PROBLEM
Please output the listing exactly as it stands, but omit any images.

*** DATASET RECORDS ***

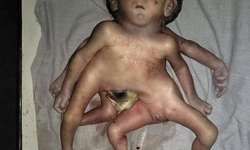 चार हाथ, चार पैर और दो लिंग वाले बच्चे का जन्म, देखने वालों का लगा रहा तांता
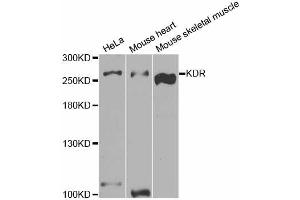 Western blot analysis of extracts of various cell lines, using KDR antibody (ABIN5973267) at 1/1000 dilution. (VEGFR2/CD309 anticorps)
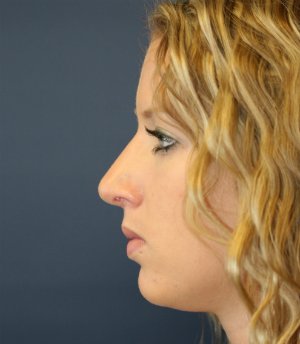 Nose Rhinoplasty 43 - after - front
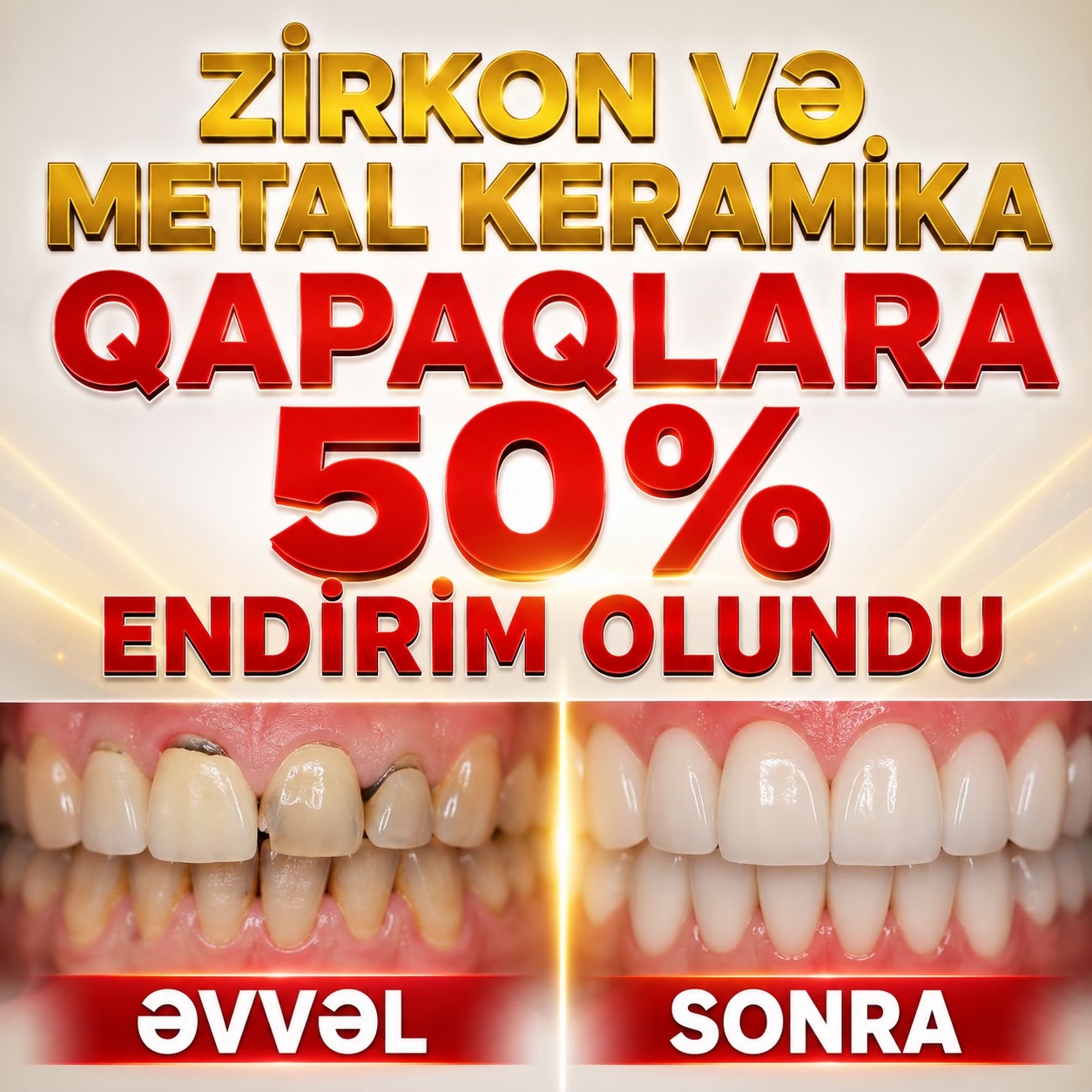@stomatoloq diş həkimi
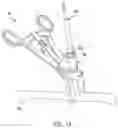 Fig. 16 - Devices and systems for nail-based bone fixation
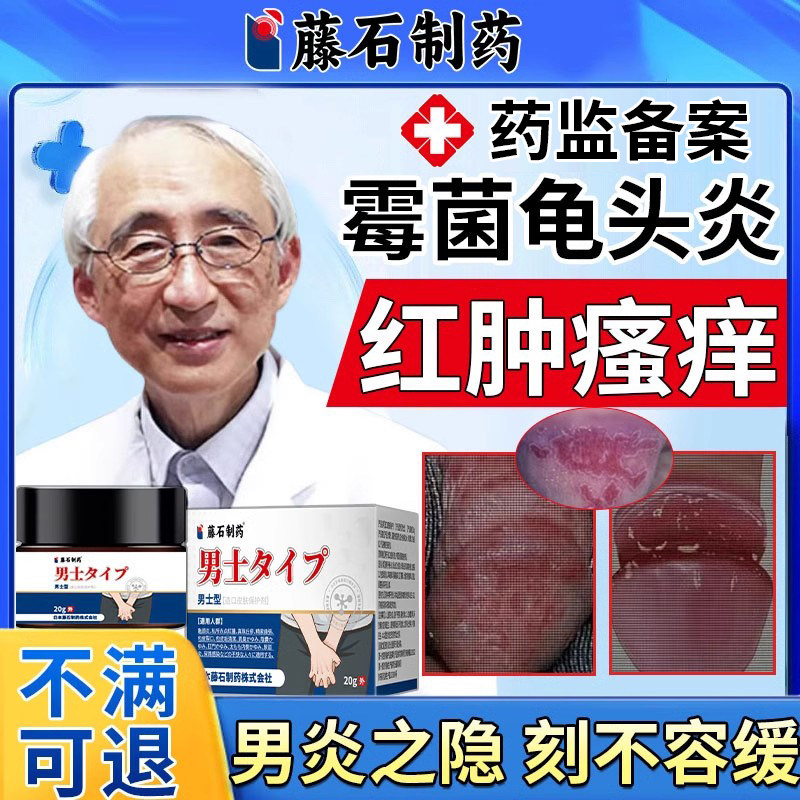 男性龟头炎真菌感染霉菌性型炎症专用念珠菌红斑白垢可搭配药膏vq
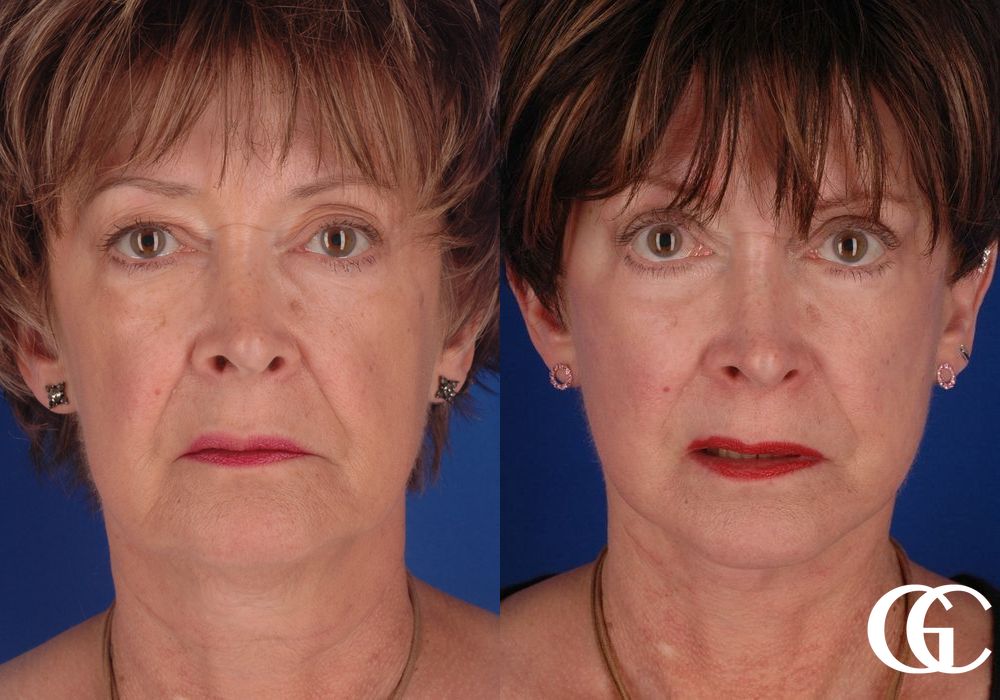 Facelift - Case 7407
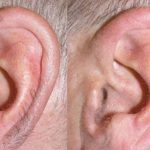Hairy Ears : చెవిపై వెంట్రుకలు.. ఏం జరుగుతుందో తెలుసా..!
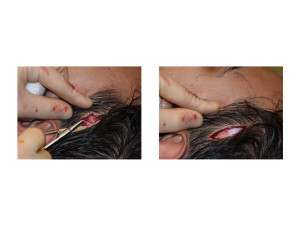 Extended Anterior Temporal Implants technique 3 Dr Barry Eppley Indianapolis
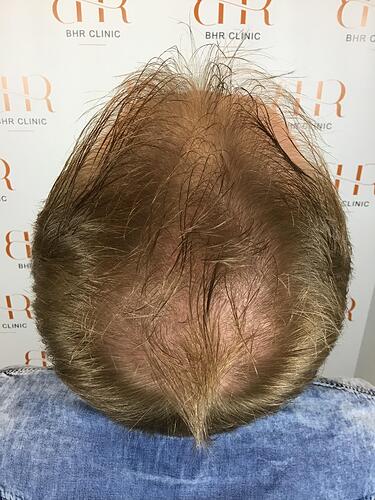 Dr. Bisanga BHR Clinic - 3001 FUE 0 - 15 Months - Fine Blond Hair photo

*** End of DATASET RECORDS ***

REPLY
 चार हाथ, चार पैर और दो लिंग वाले बच्चे का जन्म, देखने वालों का लगा रहा तांता
 Western blot analysis of extracts of various cell lines, using KDR antibody (ABIN5973267) at 1/1000 dilution. (VEGFR2/CD309 anticorps)
 Nose Rhinoplasty 43 - after - front
@stomatoloq diş həkimi
 Fig. 16 - Devices and systems for nail-based bone fixation
 男性龟头炎真菌感染霉菌性型炎症专用念珠菌红斑白垢可搭配药膏vq
 Facelift - Case 7407
Hairy Ears : చెవిపై వెంట్రుకలు.. ఏం జరుగుతుందో తెలుసా..!
 Extended Anterior Temporal Implants technique 3 Dr Barry Eppley Indianapolis
 Dr. Bisanga BHR Clinic - 3001 FUE 0 - 15 Months - Fine Blond Hair photo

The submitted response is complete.